** DESCRIPTION OF THE TASK **
Retype all of the data word for word, without pictures.

** GIVEN INFORMATION **

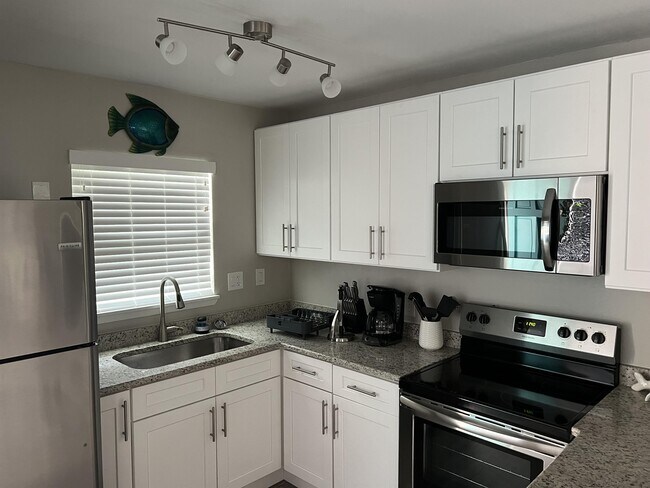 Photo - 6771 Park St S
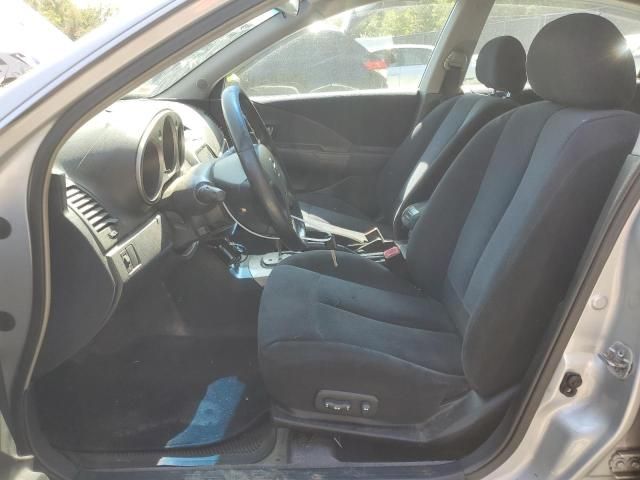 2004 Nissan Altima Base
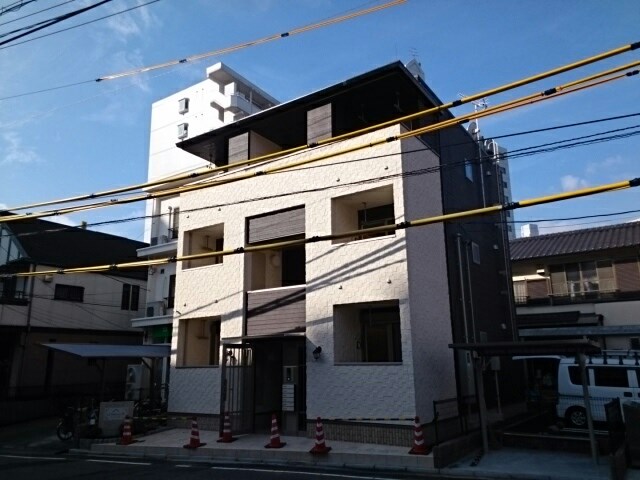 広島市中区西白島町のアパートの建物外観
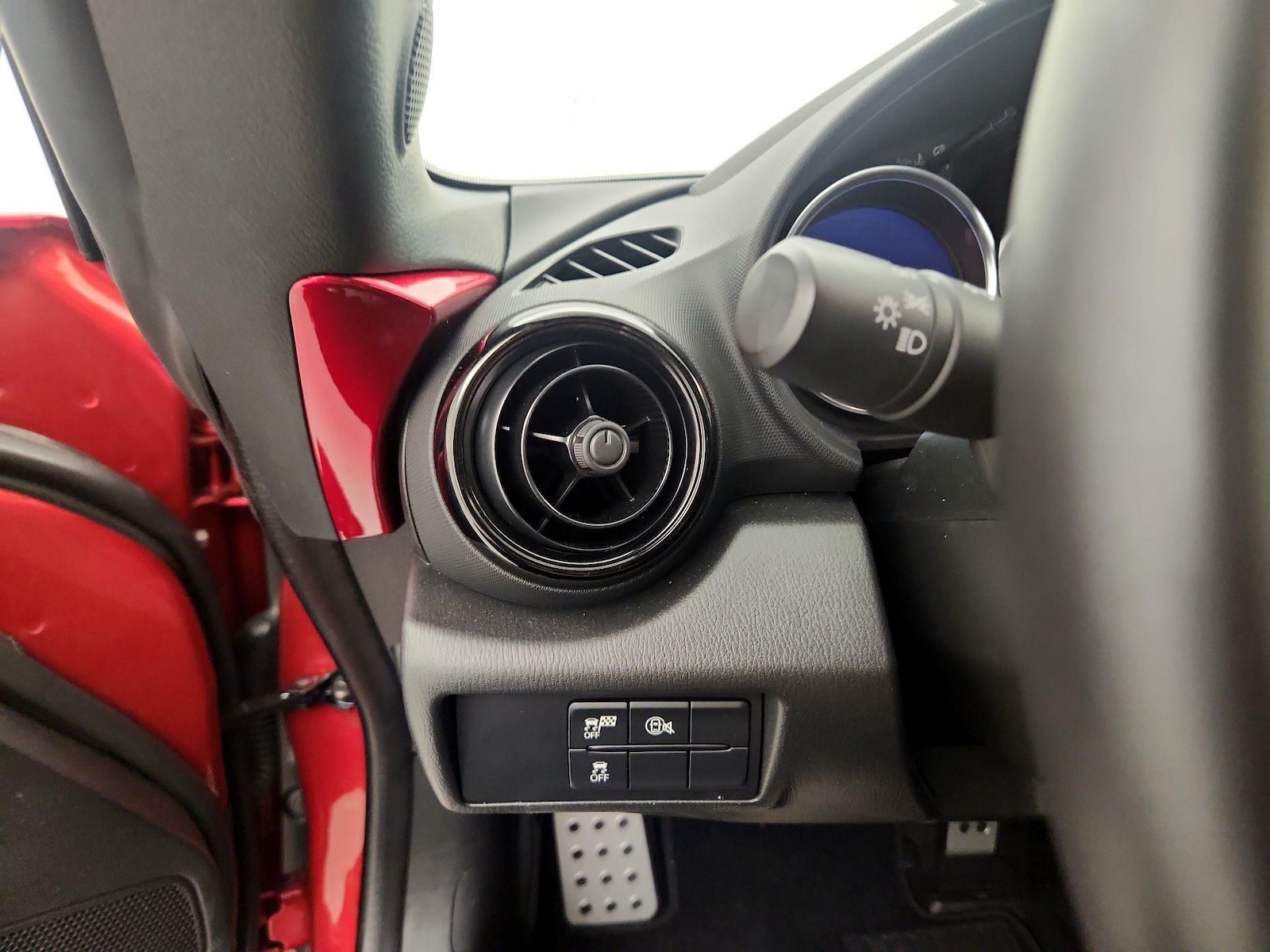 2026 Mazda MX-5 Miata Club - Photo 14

** TASK RESULT **
 Photo - 6771 Park St S
 2004 Nissan Altima Base
 広島市中区西白島町のアパートの建物外観
 2026 Mazda MX-5 Miata Club - Photo 14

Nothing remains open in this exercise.